Cela représente un virage stratégique étonnant de la part d’une entreprise qui s’extrait du secteur de l’énergie pour la première fois. « C’est une nouvelle page qui se tourne pour EDF. Nous partons à la conquête d’un nouveau marché, celui des services de proximité », explique Fabrice Gourdellier, directeur du marché des particuliers.

Concrètement, les clients pourront sélectionner sur le site IZI le type de prestations qu’ils veulent faire réaliser. Dans le cas de petits travaux, comme la peinture, la pose de carrelage ou le montage d’un meuble, le type de service et les jours d’intervention, ainsi que le paiement, se font directement sur le site. IZI assure proposer plus de 300 forfaits.

Identifier de nouveaux leviers de croissance

« Pour des travaux de rénovation plus poussés, quelqu’un viendra faire un devis et il faudra verser un acompte, de manière plus classique », détaille M. Gourdellier. Le site propose également des contrats d’entretien pour des chaudières ou de la télésurveillance. A terme, les clients auront la possibilité de faire installer des équipements, tels que des caméras de surveillance ou des pompes à chaleur.

Cette nouvelle activité commerciale répond à la volonté de la direction de l’entreprise de faire face à la chute continue du nombre de ses clients particuliers

Les travaux sont vendus par EDF, mais effectués par des artisans et des professionnels du bâtiment indépendants du groupe détenu par l’Etat à 83 %. « L’idée n’est pas de faire travailler des particuliers, comme le proposent certaines plates-formes », souligne Eric Plantive, directeur d’IZI, qui précise qu’un millier de professionnels font déjà partie de ce réseau.

EDF va leur proposer un contrat de prestation de services, avec une série de critères de qualité. Parmi eux figurent un engagement « bien fait ou refait », détaille M. Plantive, et une promesse d’intervenir très rapidement, « le plus souvent dans les 48 heures ». Pour la première fois, les travaux ne seront pas menés par des agents EDF.
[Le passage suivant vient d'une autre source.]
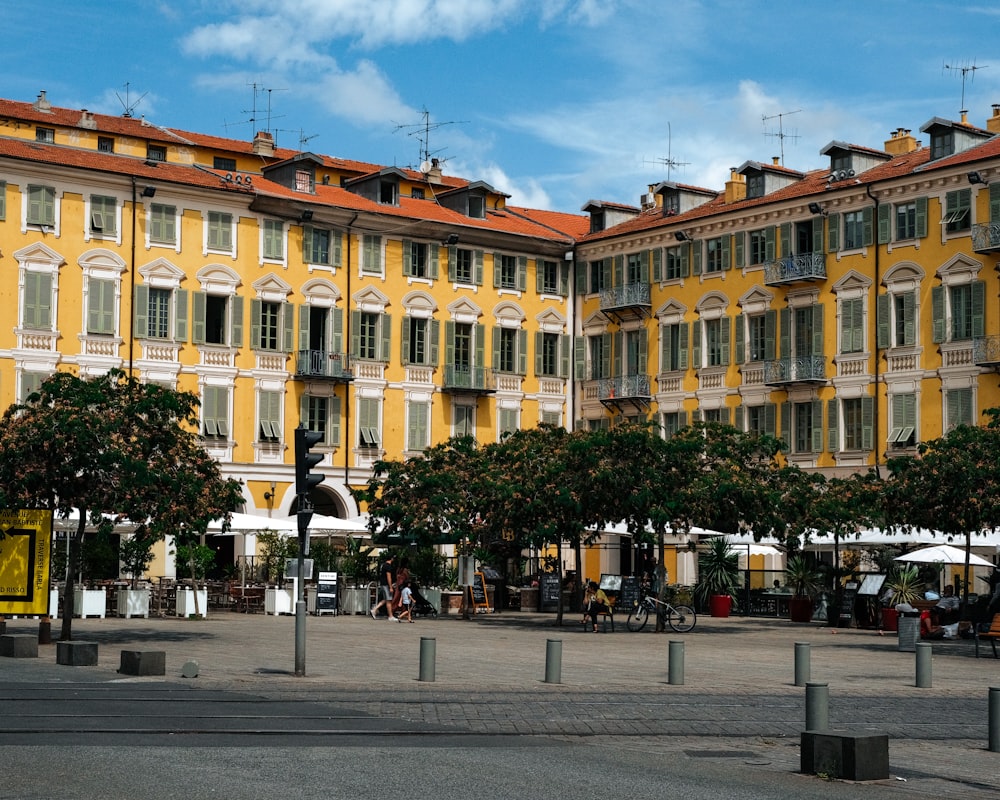 a large yellow building with many windows and balconies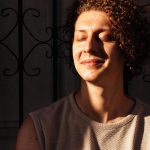 Nando Montenegro sorrindo com os olhos fechados, em um ensaio com luz solar, com grade de fundo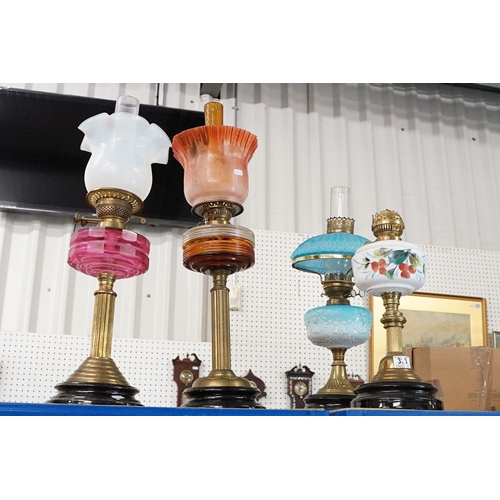 333 - Group of four early 20th century oil lamps to include opaque coloured glass, coloured glass and whit... 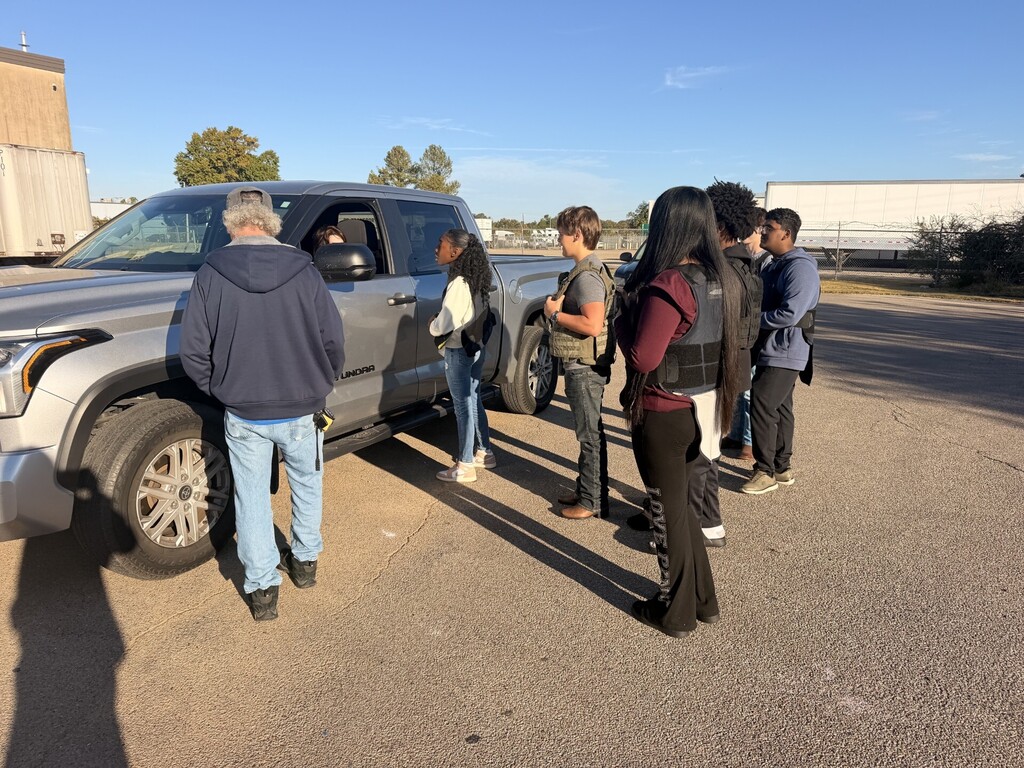 students outside practicing traffic stops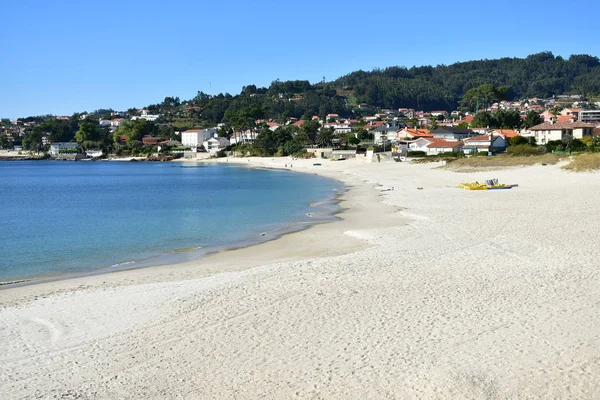 明るい砂とターコイズ ブルーの水とビーチ 海岸沿い村 青い空 ガリシア スペイン — ストック写真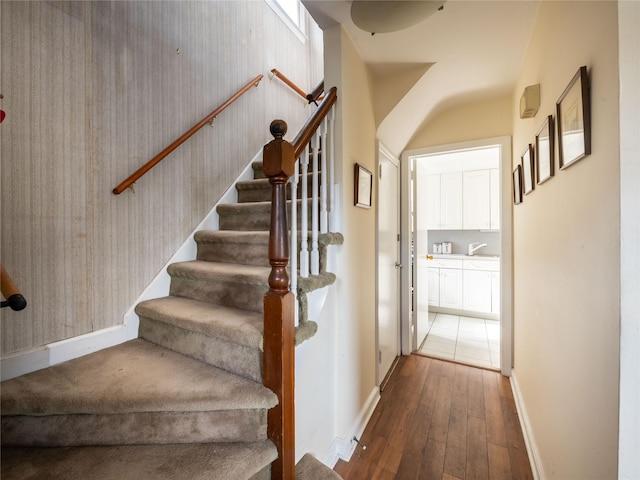 stairs featuring hardwood / wood-style flooring and sink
Cette nouvelle activité commerciale répond à la volonté de la direction de l’entreprise de faire face à la chute continue du nombre de ses clients particuliers. ­Depuis deux ans, le groupe en perd en moyenne 100 000 par mois, qui basculent sur des offres de ses concurrents, soit chez des grands groupes (Engie, Total-Direct-Energie) ou des nouveaux acteurs orientés vers les énergies renouvelables (Enercoop, ekWateur, etc.).

EDF domine toujours le marché de l’électricité avec plus de 80 % des ménages, mais doit absolument identifier de nouveaux leviers de croissance. « On part du constat que le marché connaît de profonds changements, que la concurrence s’accroît, qu’il y a des besoins nouveaux, d’autres modes de consommation. C’est une ­nouvelle approche stratégique », relève Fabrice Gourdellier.

Signe que le sujet est d’importance pour EDF, c’est Jean-Bernard Lévy, son PDG, qui devait annoncer le lancement de cette nouvelle plate-forme. Il faut dire que l’entreprise se trouve dans une situation financière difficile, comme l’a rappelé la Cour des comptes dans un rapport publié mercredi.

Bloqué par un cadre juridique contraint

EDF a vu son excédent brut d’exploitation chuter de 22 % entre 2015 et 2017, alors que sa dette s’élève à 33 milliards d’euros et que sa trésorerie demeure dans le rouge. La remontée des prix de gros de l’électricité devrait permettre à l’entreprise de souffler temporairement. Cependant, les besoins d’investissements dans le parc nucléaire pèsent sur l’avenir du groupe.

La perte progressive de ses clients particuliers – qui accompagne, celle, encore plus engagée, de ses clients professionnels – pousse EDF à aller en chercher dans d’autres domaines. D’autant que le groupe est bloqué par un cadre juridique contraint, qu’il a pourtant lui-même défendu.

La quasi-totalité de ses clients disposent de contrats aux tarifs réglementés de vente (TRV), décidés par l’Etat. Or la réglementation interdit à EDF de proposer ces nouveaux services en priorité à ses propres abonnés, sous peine de se voir accusé de distorsion de concurrence…

Sur ce nouveau terrain de jeu, EDF est éloigné de sa traditionnelle position historique de domination du marché. Le groupe trouvera un concurrent familier sur sa route. Engie (ex-GDF Suez), premier rival d’EDF pour la fourniture d’électricité aux particuliers, a déjà lancé en septembre 2017 une plate-forme appelée MesDepanneurs.fr, qui propose certains services similaires.